Why you should care
America and the West are engaging more deeply in the Syrian conflict, with effects that will reverberate for years to come. Here are some of the pivotal players.
When President Barack Obama announced this week that his administration was prepared to launch an aggressive campaign against the Islamic State, American analysts pounced to figure out what it might mean for his presidency. Obama, after all, has built his foreign policy around extricating America from wars in the Muslim world.
But the implications of direct American action in the war in Syria, which has now spilled over into Iraq, extend far beyond the White House. And so do the key figures. Indeed, the success or failure of American-led operations in the region will depend on a whole range of contingencies and responses from other actors, many of whom are hard to predict at this point. OZY looks at four of the most influential,
Bouthaina Shaaban: Assad’s Karl Rove
A United Kingdom-educated feminist, Shaaban is not just the spokesperson for Syrian strongman Bashar Assad, but also his consigliere. She’s been one of the most prominent public apologists of the regime’s war against Arab Spring-era dissidents — terrorists, she calls them.
Born in Homs, which is now a hotbed for anti-Assad insurgents, Shaaban was the first woman to earn an English degree from the University of Damascus, before going on to earn a Ph.D. from the University of Warwick in England. She quickly worked her way up in the Syrian regime of Assad’s father, Hafez, in the 1980s, and ultimately became his official interpreter. Her Westernized views on women, education and democracy gave Bashar Assad’s government a sophisticated gloss and raised hopes in the West that his ascension in 2000 heralded a new day in Syria.
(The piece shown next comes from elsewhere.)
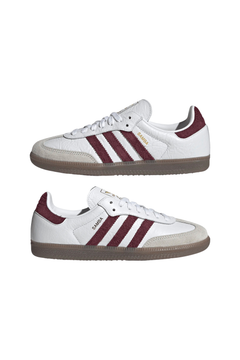 Samba OG W - Cloud White/Maroon/Gum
Like the younger Assad, the 61-year-old Shaaban has bitterly disappointed reformers in Syria and abroad. With Obama’s announcement of a new broadside against the Islamic State, she suggested on CNN that it’s time for the U.S. and Assad’s regime to work together. America “will benefit a lot from cooperating with the Syrian government against terrorism, because we have been truly fighting terrorism for the last four years.”
Quite a smooth rhetorical maneuver. And you can bet that as the Syrian regime weighs its response to pending Western strikes on its territory, Shaaban will be right in the thick of the discussion.
Joseph Votel: Special Forces Strategist
Succeeding the highly regarded Adm. William McRaven this summer, Votel has big shoes to fill. As the commander of America’s special operations forces, he coordinates the Navy SEALs, Army Rangers, Green Berets and the military’s other elite, specially trained fighters. He’ll have to acclimate quick: his command is likely to be key if the president is to succeed in keeping the fight against the Islamic State from morphing into a full-fledged, boots-on-the-ground war.
The 56-year-old former Army Ranger has kept a low profile for most of his career, which is probably a good sign, given the clandestine nature of much of the special forces’ work. But now Votel will be front and center in one of the biggest presidential gambles since W’s surge.
David S. Cohen: Financial Warrior
Undersecretary of the Treasury does not sound like a sexy title. But as Obama said in his remarks to the nation on Wednesday, one reason the Islamic State is such a threat is that it has money — lots of it. To defeat the militant group, the United States will need to muster sophisticated financial tools to cut off its sources of illicit financing — which include extortion, smuggling, robbery, hostage ransoms and oil sales — and freeze the assets it already has.
Fortunately, the United States has developed just those skills, honed over the last decade by finance wonks and intelligence operatives housed in the Treasury Department’s Office of Terrorism and Financial Intelligence. It started under Stuart Levey, Cohen’s predecessor, as a way to ratchet up the economic pressure on al-Qaida and Iran.
Cohen took over the bureau from Levey in 2011, after holding several other Treasury posts. Now the 51-year-old, Ivy League-educated attorney is the man in charge of waging America’s financial war on the Islamic State.
King Abdullah II of Jordan: America’s BFF in the Arab World
The United States can’t defeat the Islamic State on its own. It needs major support from players in the region. That includes Jordan’s King Abdullah, who has been quietly helping the the United States’ efforts to aid moderate forces in next-door Syria since the conflict began in 2011.
More than Saudi Arabia, Turkey or Iraq, it’s Jordan and Abdullah — in power since 1999 — that have been America’s most consistent, faithful ally in the region in recent years. But Jordan itself is under strain. Syrian refugees now make up more than 10 percent of its population, and a growing numbers of Jordanian extremists are joining the fight in Syria, making King Abdullah, 52, and his government very nervous.
With plans to now step up Western aid to the Syrian forces battling Assad and the Islamic State, the question will be how the urbane, Georgetown- and Oxford-educated Abdullah walks that fine line of helping the U.S. — allowing launching pads on its soil and assistance across its border — without alienating or radicalizing his own population. U.S. Secretary of State John Kerry met with Abdullah in Amman on Thursday and the Jordanian king declared his full support for the international effort to combat the Islamic State. He’s likely to be far less public about what that help looks like, in practice.